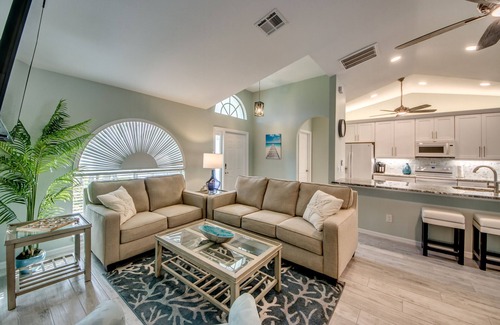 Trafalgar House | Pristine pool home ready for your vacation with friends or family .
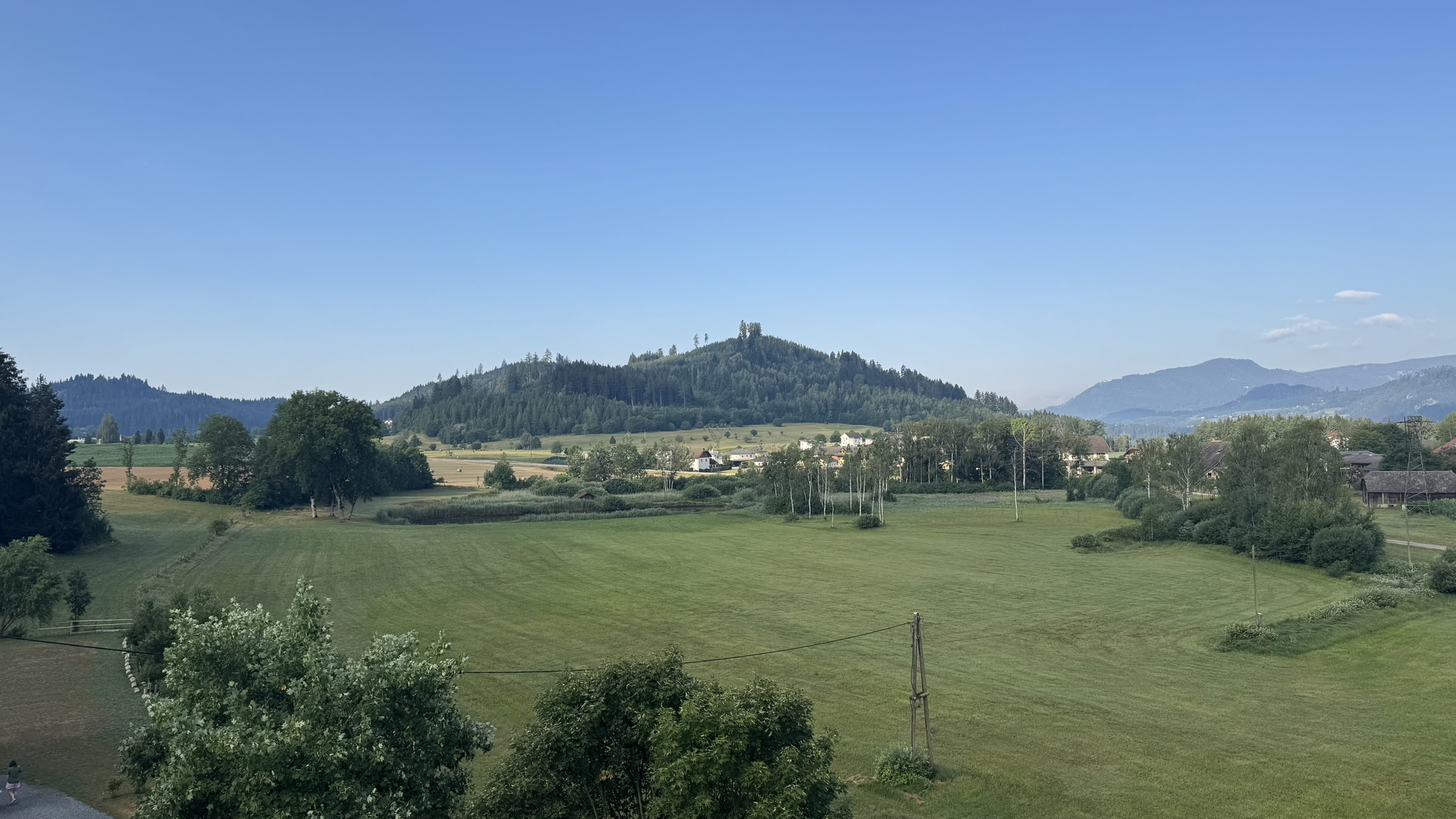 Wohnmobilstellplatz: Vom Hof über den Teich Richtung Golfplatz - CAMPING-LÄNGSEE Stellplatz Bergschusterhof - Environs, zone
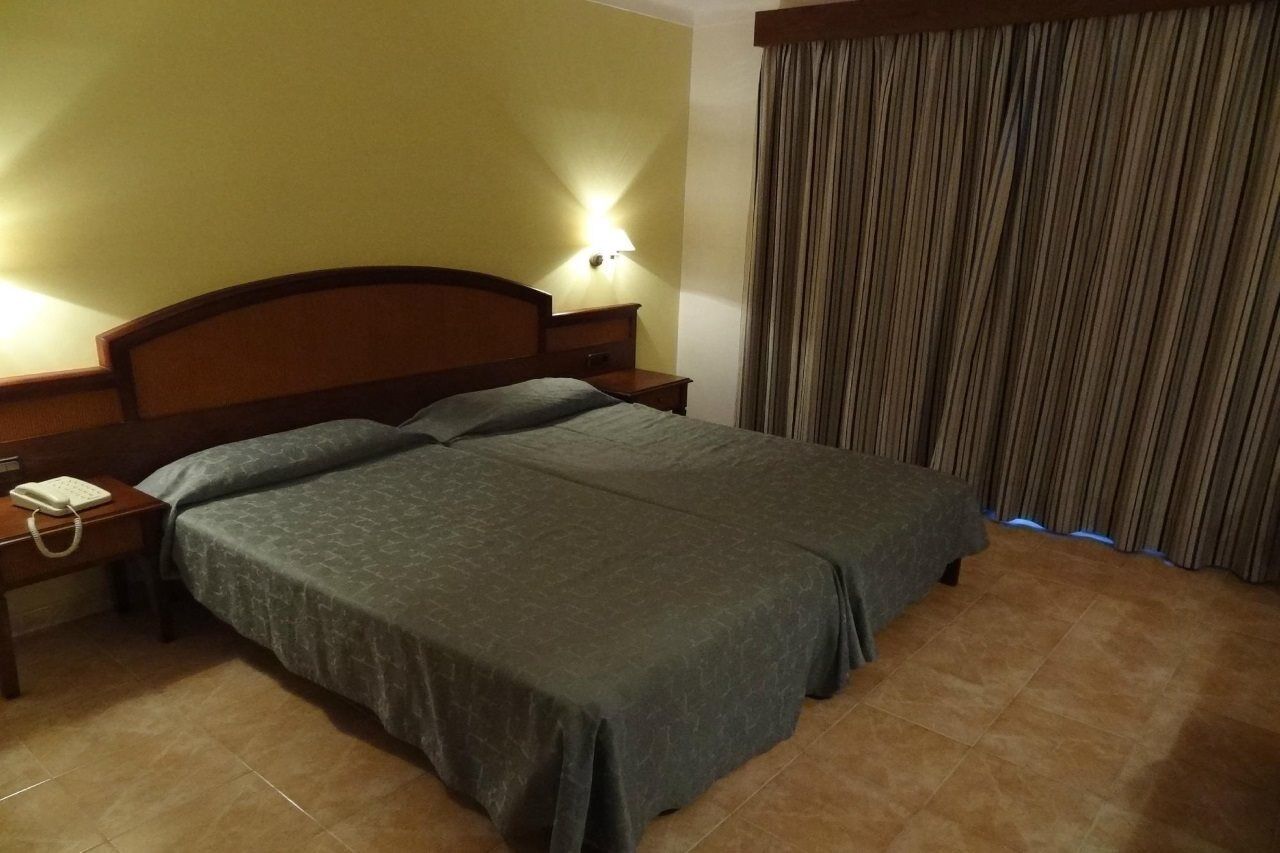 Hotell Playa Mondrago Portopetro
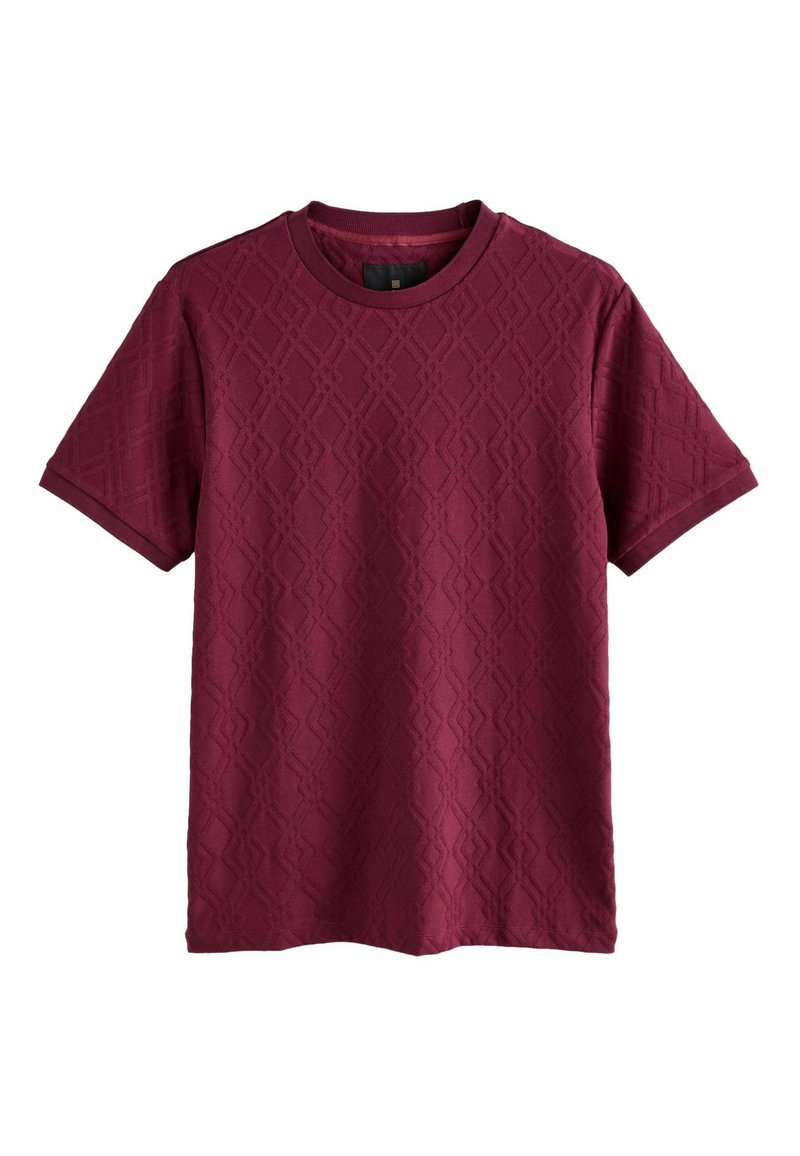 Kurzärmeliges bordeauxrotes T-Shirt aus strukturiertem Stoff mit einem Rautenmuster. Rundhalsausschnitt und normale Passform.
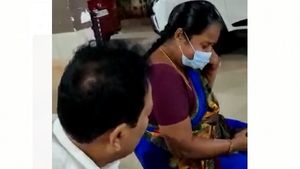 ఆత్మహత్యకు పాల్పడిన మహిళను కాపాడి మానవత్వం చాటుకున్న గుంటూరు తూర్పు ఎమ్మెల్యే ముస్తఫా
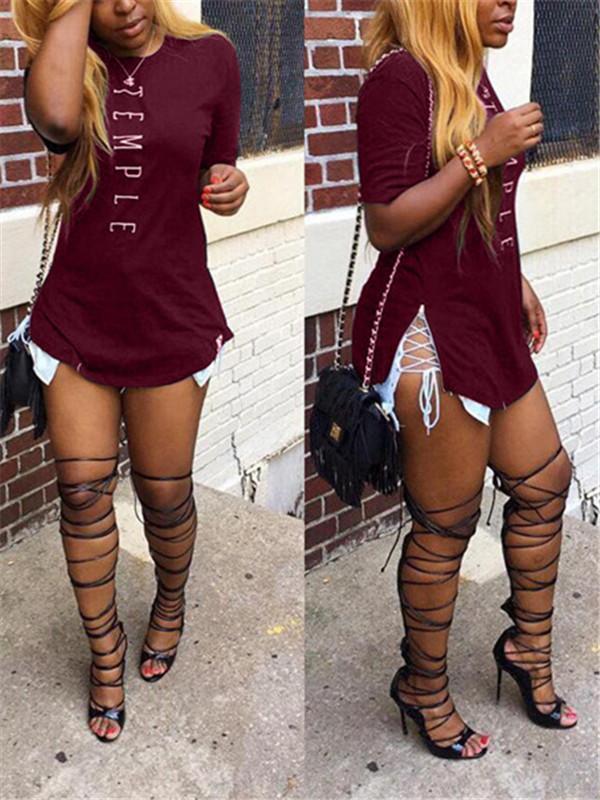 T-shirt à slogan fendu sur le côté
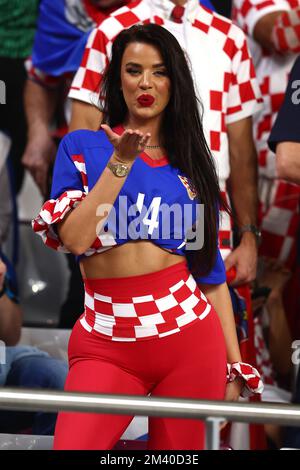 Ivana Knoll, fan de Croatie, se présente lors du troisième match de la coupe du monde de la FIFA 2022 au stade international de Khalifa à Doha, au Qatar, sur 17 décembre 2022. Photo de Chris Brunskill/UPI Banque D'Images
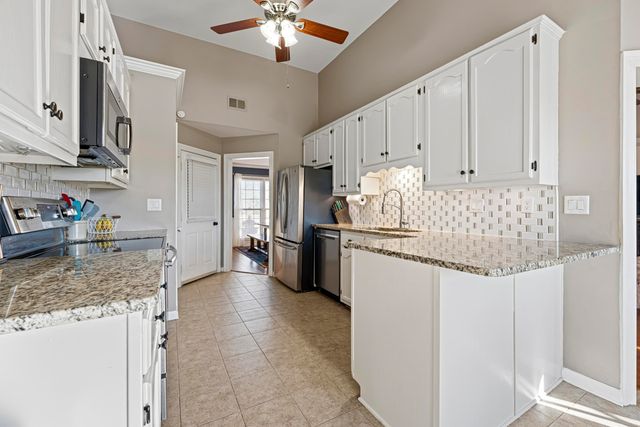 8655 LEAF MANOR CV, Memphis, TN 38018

+ + + + + + +

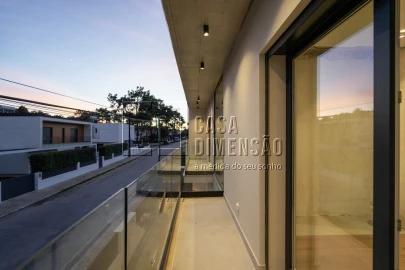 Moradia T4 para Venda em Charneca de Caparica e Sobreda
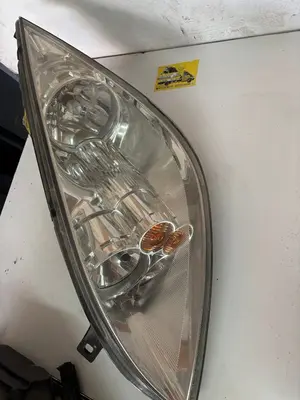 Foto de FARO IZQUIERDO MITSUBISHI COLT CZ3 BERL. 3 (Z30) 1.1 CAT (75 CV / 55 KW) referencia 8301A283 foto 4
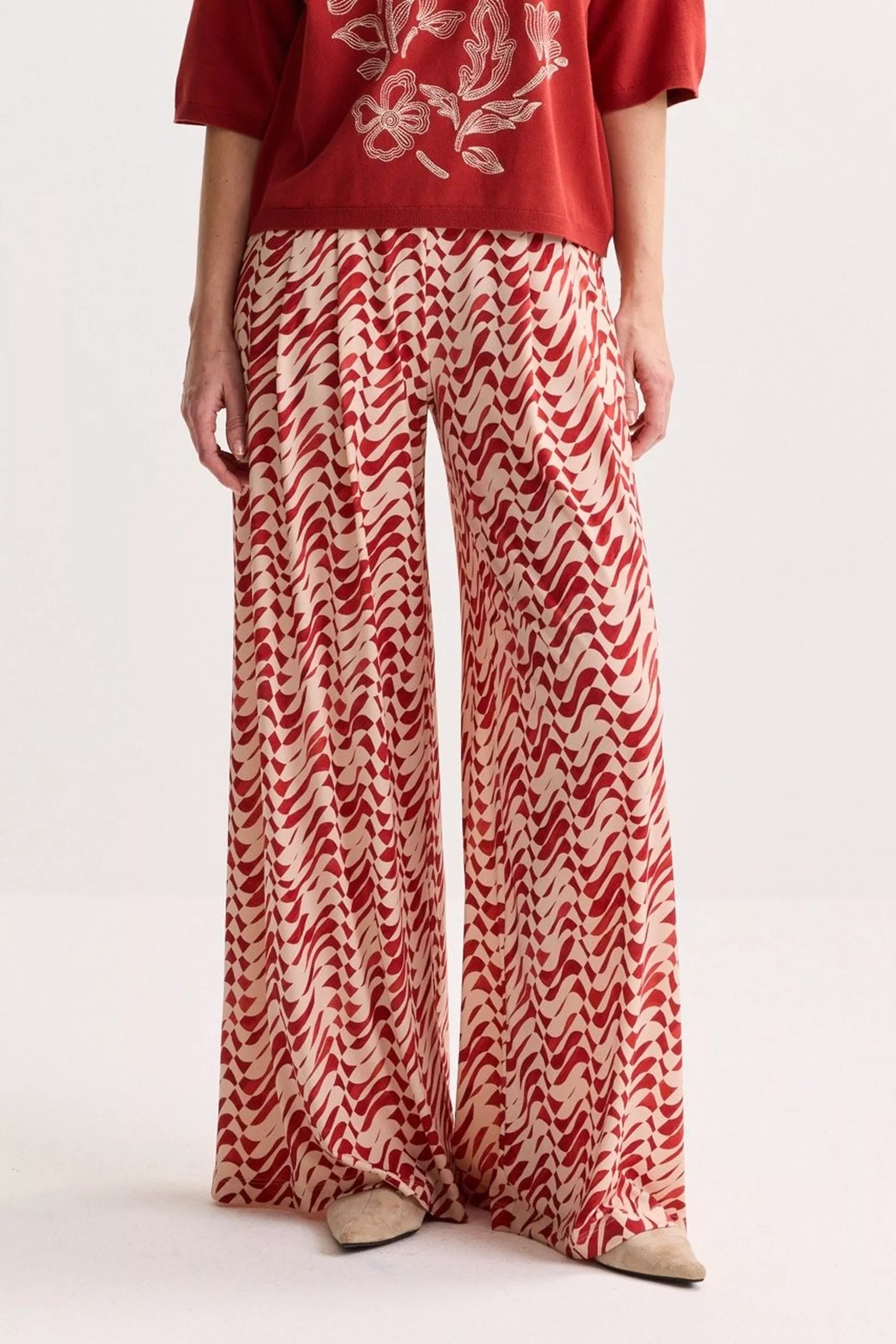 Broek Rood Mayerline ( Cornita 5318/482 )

+ + + + + + +

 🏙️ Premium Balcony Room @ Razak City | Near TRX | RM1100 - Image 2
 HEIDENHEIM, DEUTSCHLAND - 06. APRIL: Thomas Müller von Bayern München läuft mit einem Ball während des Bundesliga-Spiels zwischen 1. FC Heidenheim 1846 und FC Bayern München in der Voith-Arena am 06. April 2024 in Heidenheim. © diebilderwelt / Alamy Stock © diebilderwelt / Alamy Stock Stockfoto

+ + + + + + +

■ **WORK TASK**:
In the records above, find the line with "Trafalgar House |" and the line with "8655 LEAF MANOR CV, Memphis, TN 38018", then restate word for word only those two lines and all lines between, omitting pictures.

■ **SOLUTION**:
 Trafalgar House | Pristine pool home ready for your vacation with friends or family .
 Wohnmobilstellplatz: Vom Hof über den Teich Richtung Golfplatz - CAMPING-LÄNGSEE Stellplatz Bergschusterhof - Environs, zone
 Hotell Playa Mondrago Portopetro
 Kurzärmeliges bordeauxrotes T-Shirt aus strukturiertem Stoff mit einem Rautenmuster. Rundhalsausschnitt und normale Passform.
 ఆత్మహత్యకు పాల్పడిన మహిళను కాపాడి మానవత్వం చాటుకున్న గుంటూరు తూర్పు ఎమ్మెల్యే ముస్తఫా
 T-shirt à slogan fendu sur le côté
 Ivana Knoll, fan de Croatie, se présente lors du troisième match de la coupe du monde de la FIFA 2022 au stade international de Khalifa à Doha, au Qatar, sur 17 décembre 2022. Photo de Chris Brunskill/UPI Banque D'Images
 8655 LEAF MANOR CV, Memphis, TN 38018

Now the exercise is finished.